Top of Material for this task
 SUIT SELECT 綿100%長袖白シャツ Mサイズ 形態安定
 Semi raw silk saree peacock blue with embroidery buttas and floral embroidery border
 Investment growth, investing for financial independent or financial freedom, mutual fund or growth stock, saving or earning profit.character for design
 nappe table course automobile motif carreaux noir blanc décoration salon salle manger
Bottom of Material for this task
Top of Material for this task
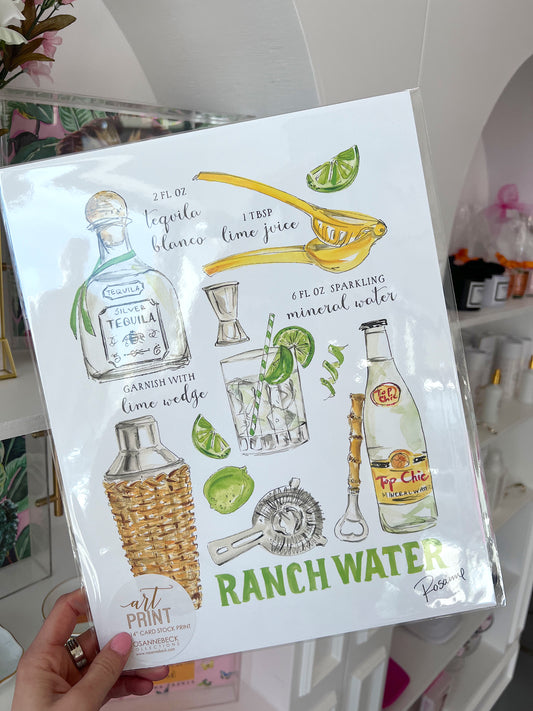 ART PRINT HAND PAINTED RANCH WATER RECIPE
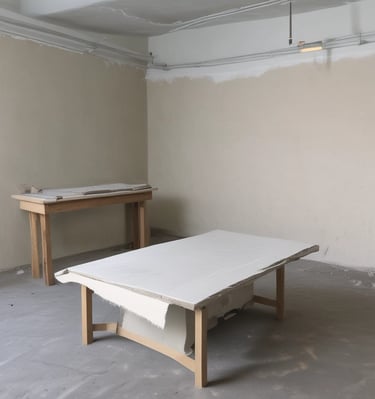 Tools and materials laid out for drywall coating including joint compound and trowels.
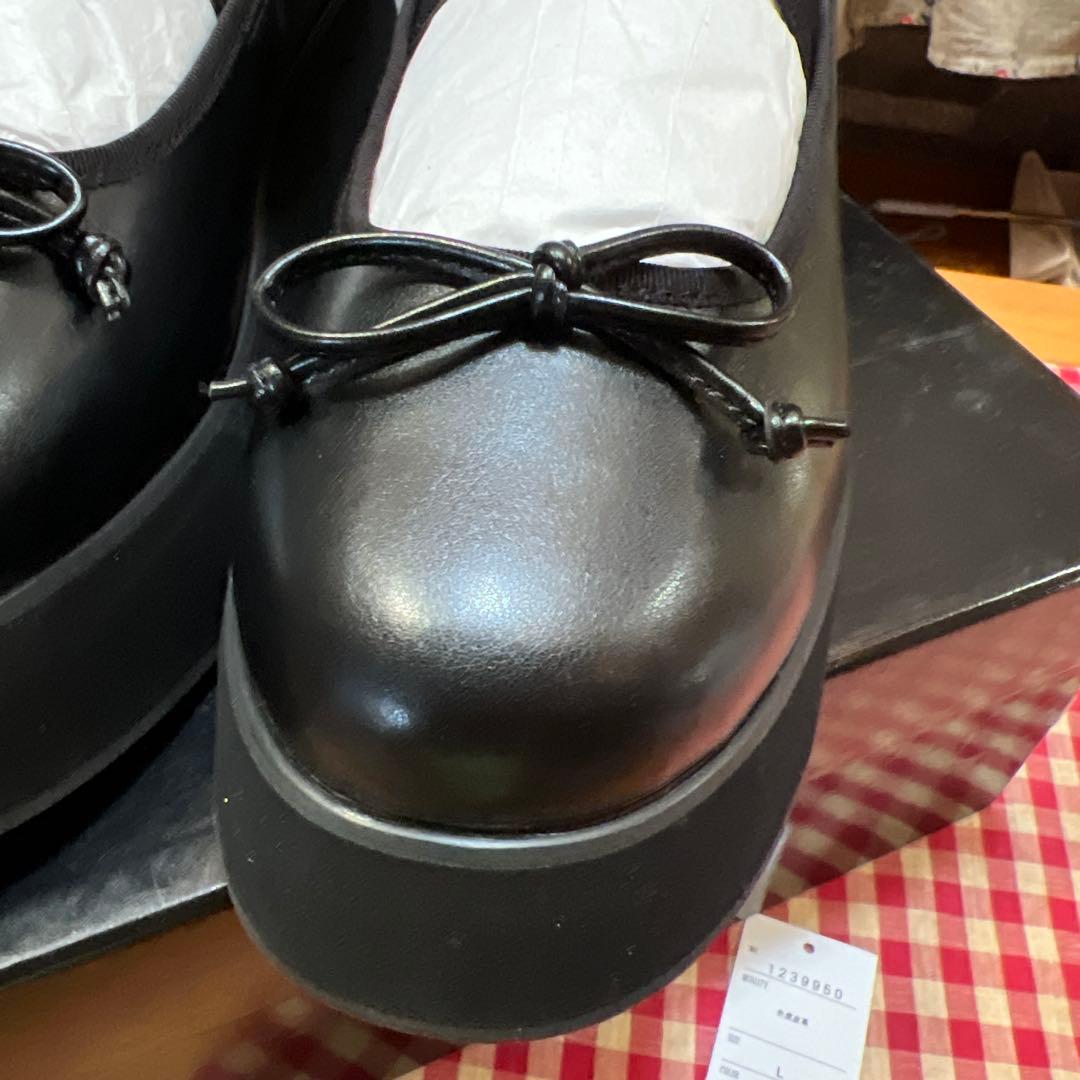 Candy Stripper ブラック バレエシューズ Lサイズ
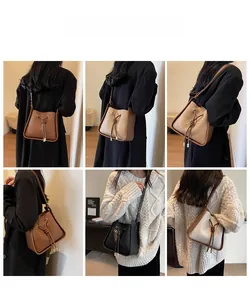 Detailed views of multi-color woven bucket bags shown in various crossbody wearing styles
Bottom of Material for this task
An exact, complete copy of the lines above from the one with "SUIT SELECT 綿100%長袖白シャツ Mサイズ 形態安定" through the one with "nappe table course" is the whole answer.

 SUIT SELECT 綿100%長袖白シャツ Mサイズ 形態安定
 Semi raw silk saree peacock blue with embroidery buttas and floral embroidery border
 Investment growth, investing for financial independent or financial freedom, mutual fund or growth stock, saving or earning profit.character for design
 nappe table course automobile motif carreaux noir blanc décoration salon salle manger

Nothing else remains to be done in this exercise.